My husband and I grew up in two very different school systems. I grew up in the US school system, attending both public school and Catholic school. Meanwhile, my husband grew up in India, attending a Catholic school. While these two systems are different, they both focus upon the traditional style of learning—a set list of subjects and learning dates, figures and formulas according to a predetermined structure. This is the way that the school system has been for some time now and for some it works. Then there are the other methods of education that are growing in popularity such as Waldorf and Montessori. Given that we identify as a location independent family, it appears to both of us that pursuing education using traditional structures is not going to work for us.
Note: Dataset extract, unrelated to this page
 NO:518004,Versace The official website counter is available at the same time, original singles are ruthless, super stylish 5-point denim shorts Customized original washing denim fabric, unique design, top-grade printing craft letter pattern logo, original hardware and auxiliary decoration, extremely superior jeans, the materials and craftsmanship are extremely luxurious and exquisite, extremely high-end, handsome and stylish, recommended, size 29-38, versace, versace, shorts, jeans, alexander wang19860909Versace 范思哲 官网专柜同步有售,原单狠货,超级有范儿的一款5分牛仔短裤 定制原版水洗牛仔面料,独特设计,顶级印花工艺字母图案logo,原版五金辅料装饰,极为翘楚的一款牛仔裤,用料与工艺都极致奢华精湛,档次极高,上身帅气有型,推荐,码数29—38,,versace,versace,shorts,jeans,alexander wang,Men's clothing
Welcome to location independent studying, called by different names such as unschooling or worldschooling. Such a concept is ideal given our family structure. Neither my husband or myself believe in the traditional school system. I believe that children will be able to thrive and be more successful by pursuing topics that they have interest in. In beginning our journey I have found that there are several others that think the same way. One such individual is Seth Godin, who has written a manifesto on the current state of education within the United States that I encourage everyone to read. Throughout his manifesto he discusses how the traditional education system was designed to create workers who would listen and do as they were told – something strongly desired with industrialization. However, by pursuing education in a different way can yield thinking, innovators, and leaders—individuals that question and search for answers. This is the type of individual that I wish for my children to be, and thus we are pursuing non-traditional forms of education (which also aligns with our lifestyle).

Based on my research and understanding, unschooling is following a child’s natural learning path and focuses on providing experience-based learning. Rather than being assigned a list of subjects and being given information on each subject to digest and regurgitate, a child is given the freedom to explore the topics that interest them. For instance, if a child is interested in dinosaurs, more in depth exploration can be provided, focusing on the various time periods of the earth, more detailed understandings of different dinosaur species, etc. The same is true for virtually any topic, be it physics, biology, art, music, etc. I personally believe that pursuing this method of education will be better for my children. Furthermore, by choosing to educate my children this way I will be able to adapt lessons based on wherever we find ourselves in the world. In Bali? Great. Let’s learn about the formation of islands, about volcanoes, about Balinese culture, etc. In the US? Awesome. Learn about how the country was formed, its relationship to other countries, economics and the role its economy plays in the world, etc. I really believe the possibilities are endless.

Perhaps this is all preemptive. Our two little ones are 1 year and 3 years and are just beginning their education journey. However, I believe it is never too early to start learning. Talk to children as though they are adults and they will step up to the plate and surprise you. Obviously, all things must be adjusted to age and maturity, but the overall concept can be applied at any age. The decision to pursue unchooling is something that simply works for us. It certainly isn’t for everyone. Who knows? Maybe it won’t even work for us. But we’re gonna give it a shot and see what comes of it.